## Your instructions
Leaving all pictures aside, copy exactly the lines from the start of the listing below through the line that contains "Calligrafie Snowflakes kerstgroen", and only those lines.
——————————
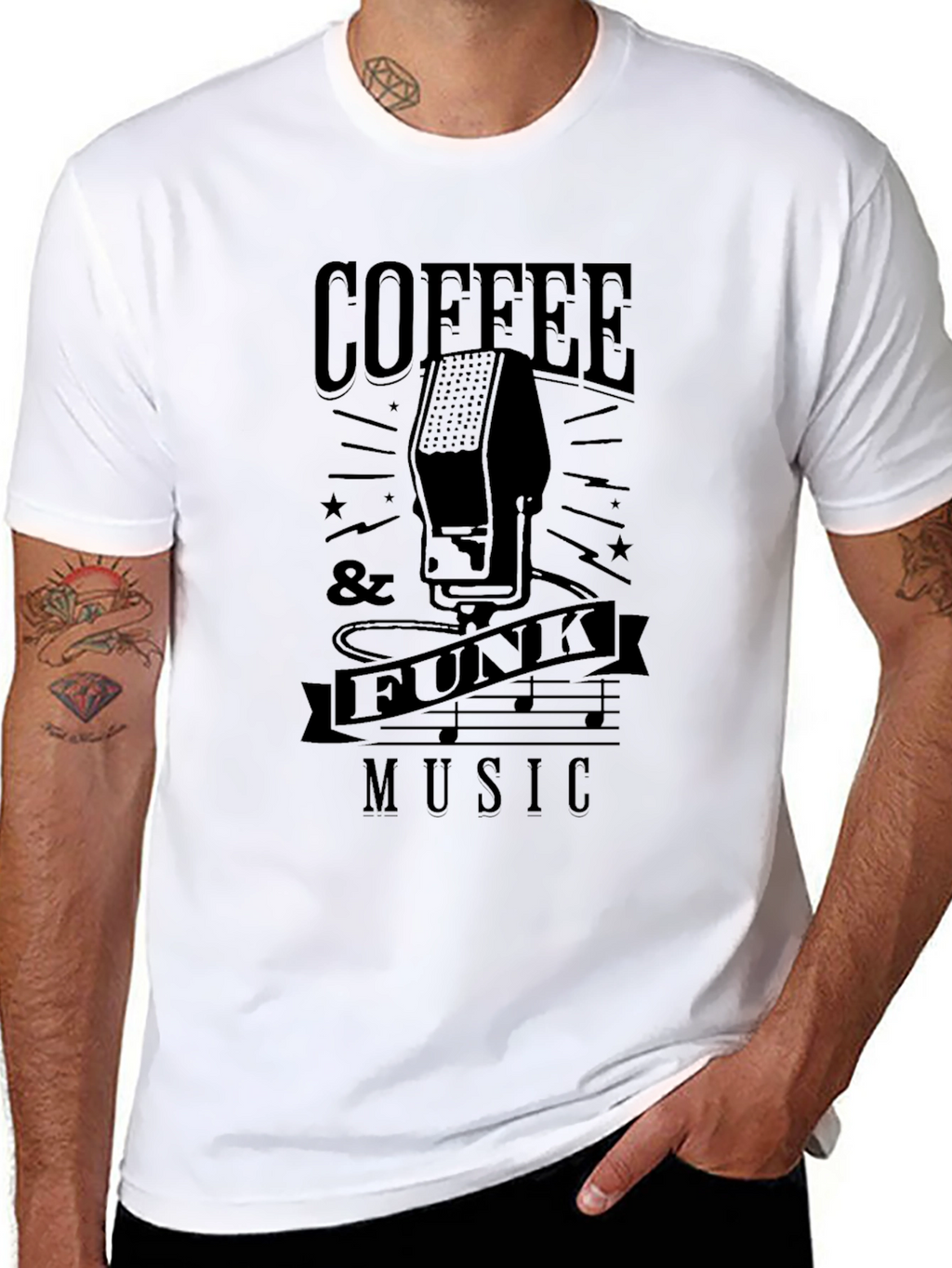 Coffee & Funk Music T-Shirt - Black Graphic Tee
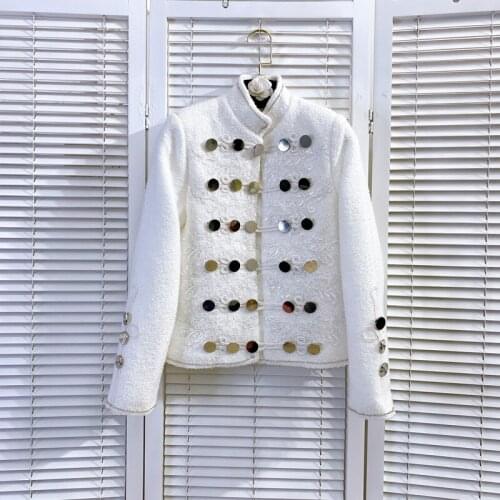 Runway Vintage Fashion Luxury Coat Slim Top 2021 Autumn Winter New Retro Embroidery Lace Stand Collar Jacket Women Clothing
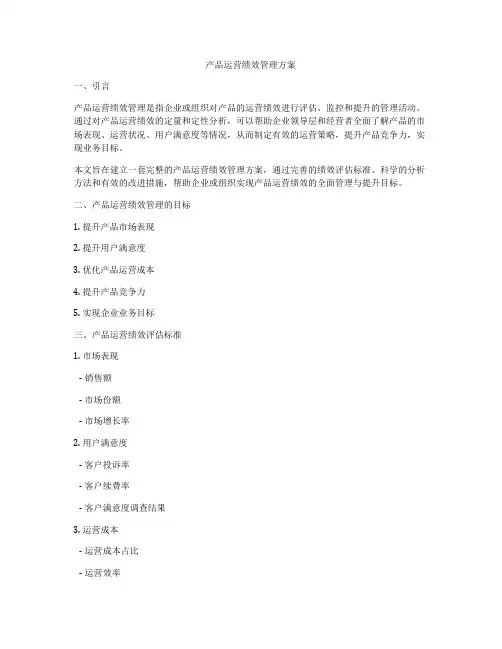 产品运营绩效管理方案
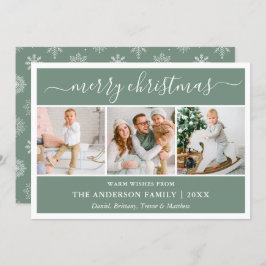 Calligrafie Snowflakes kerstgroen 3 Foto Feestdagenkaart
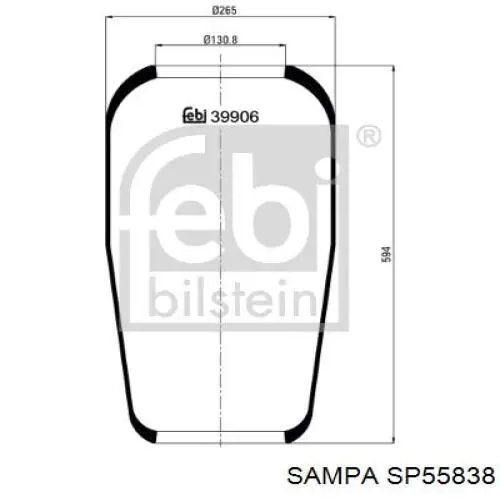 SP55838 Sampa Otomotiv‏ Coxim pneumático (suspensão de lâminas pneumática) do eixo traseiro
——————————
## Task response
 Coffee & Funk Music T-Shirt - Black Graphic Tee
 Runway Vintage Fashion Luxury Coat Slim Top 2021 Autumn Winter New Retro Embroidery Lace Stand Collar Jacket Women Clothing
 产品运营绩效管理方案
 Calligrafie Snowflakes kerstgroen 3 Foto Feestdagenkaart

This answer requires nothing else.